Colette Iselin is excited to go to Paris on a class trip. She’ll get to soak up the beauty and culture, and maybe even learn something about her family’s French roots.
But a series of gruesome murders are taking place across the city, putting everyone on edge. And as she tours museums and palaces, Colette keeps seeing a strange vision: a pale woman in a ball gown and powdered wig, who looks suspiciously like Marie Antoinette.
Colette knows her popular, status-obsessed friends won’t believe her, so she seeks out the help of a charming French boy. Together, they uncover a shocking secret involving a dark, hidden history. When Colette realizes she herself may hold the key to the mystery, her own life is suddenly in danger.
With a title like Marie Antoinnette Serial Killer there was a lot of potential for cheese in the story. Instead, what I found was a well-written and interesting, fun romp through Paris. I seem to be on a bit of a ghost story kick right now and this book fit in very nicely. Both a modern day and historical mystery, Marie Antoinnette Serial Killer was finished in one delightful sitting.
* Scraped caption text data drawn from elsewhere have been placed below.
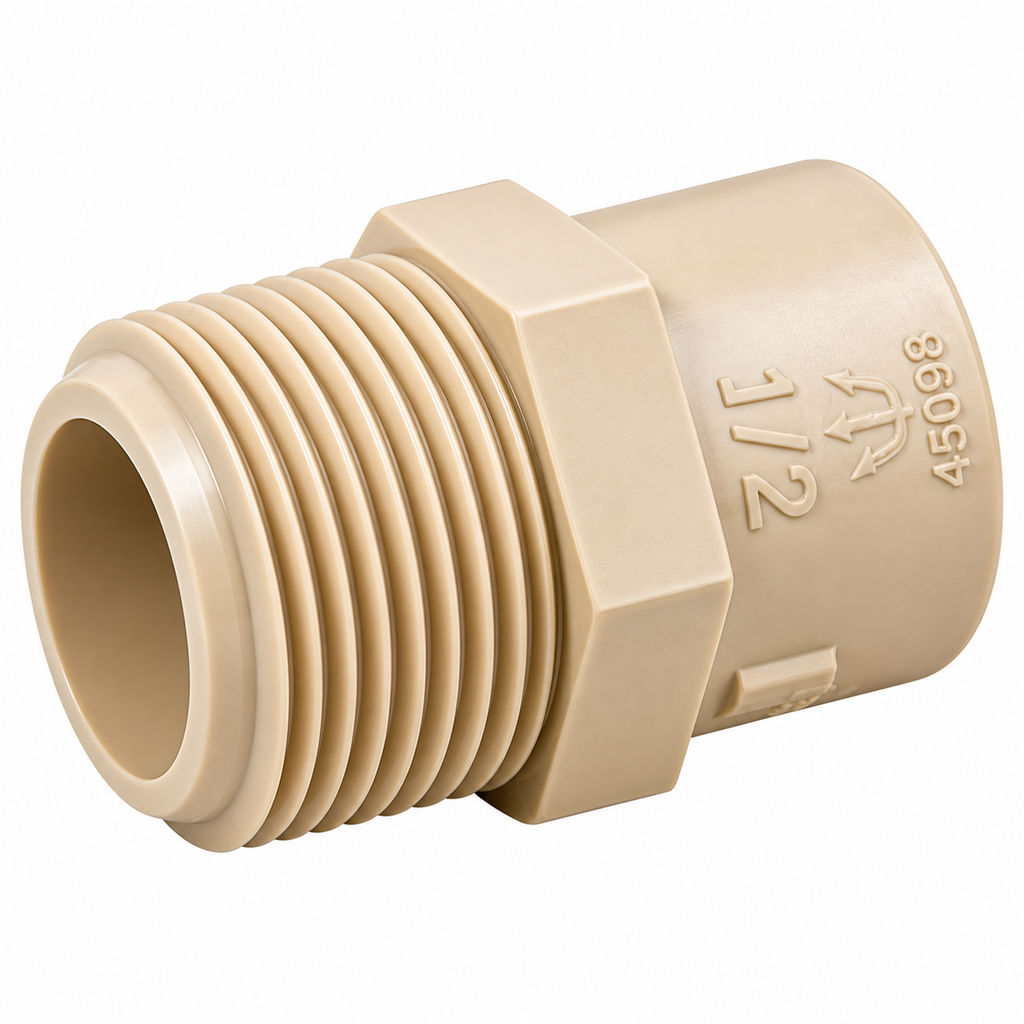 CONECTOR CPVC HEMBRA Y MACHO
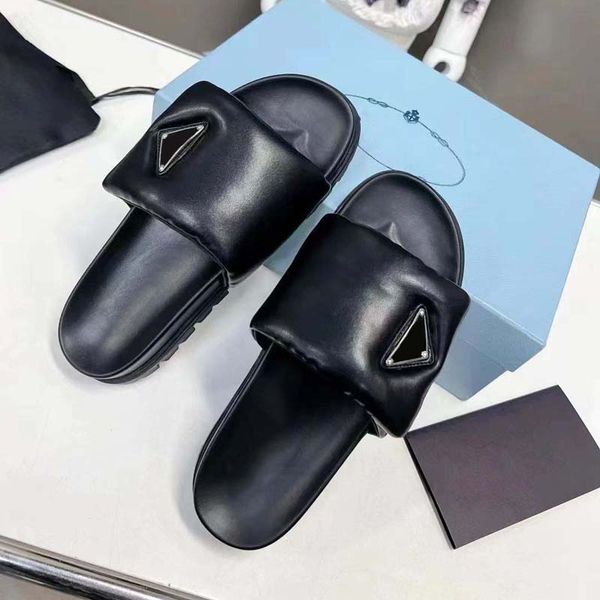designer sandals slippers women fashion platform slides triangle metal slippers retro beach loafers round toe sandal, Black
designer sandals slippers women fashion platform slides triangle metal slippers retro beach loafers round toe sandal, Black
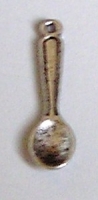 Bedel tibetaans zilveren 'lepel' 13.5 x 2.5 mm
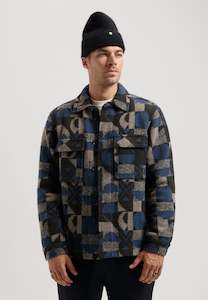 Dstrezzed Summer 22: Maverick Overshirt: Collegiate Blue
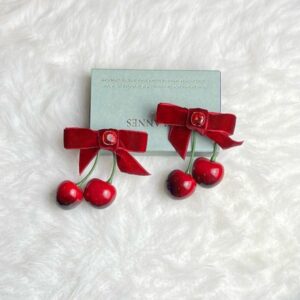 Cherry Hair Clips(Each Pair)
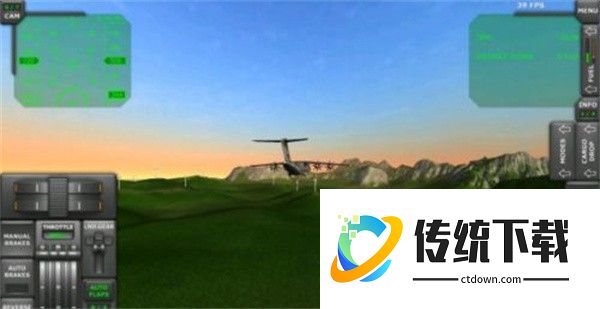 涡轮螺旋桨飞行模拟器喷气客机
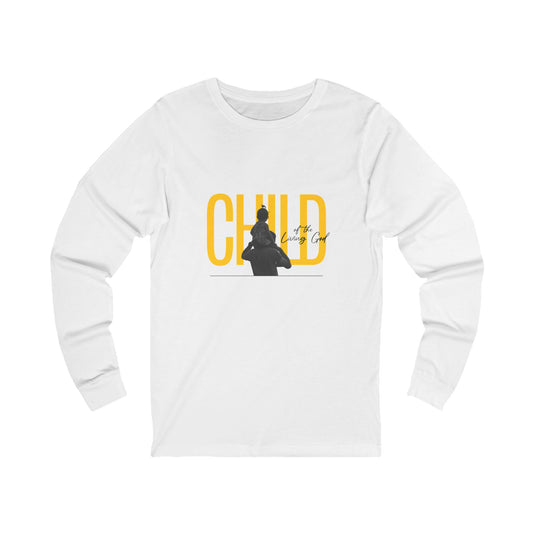 Child with Crown Unisex Long Sleeve Tee – Perfect for Celebrations and Family Gatherings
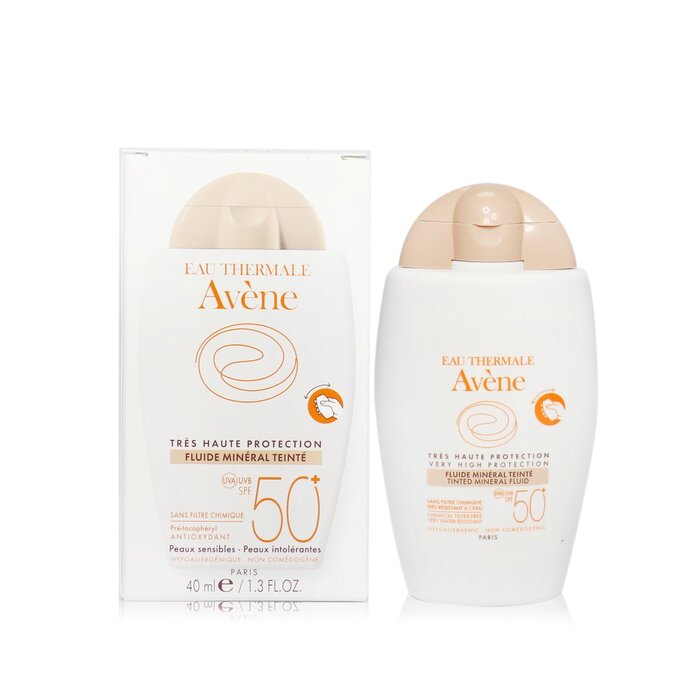 Avene Very High Protection Tinted Mineral Fluid SPF 50+ - สำหรับผิวบอบบางและแพ้ง่าย 40ml/1.3ozProduct Thumbnail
I enjoyed the development of the characters - nothing in their descriptions wasted. The history of the French Revolution was a major plot point and was described with a liveliness and personality not always found in history records. Alender takes the reader on an intimate tour of Paris where you can almost feel the textures of the stone walls and feel the breeze as you navigate the narrow streets.
This is another title taken from our Scholastic book fair and because of the title the subject matter and once again a mature sticker on the book there was some question as to whether or not it was appropriate for the intermediate students. I was quite pleasantly surprised to find that this book is captivating and well written and one that I can easily recommend to my students.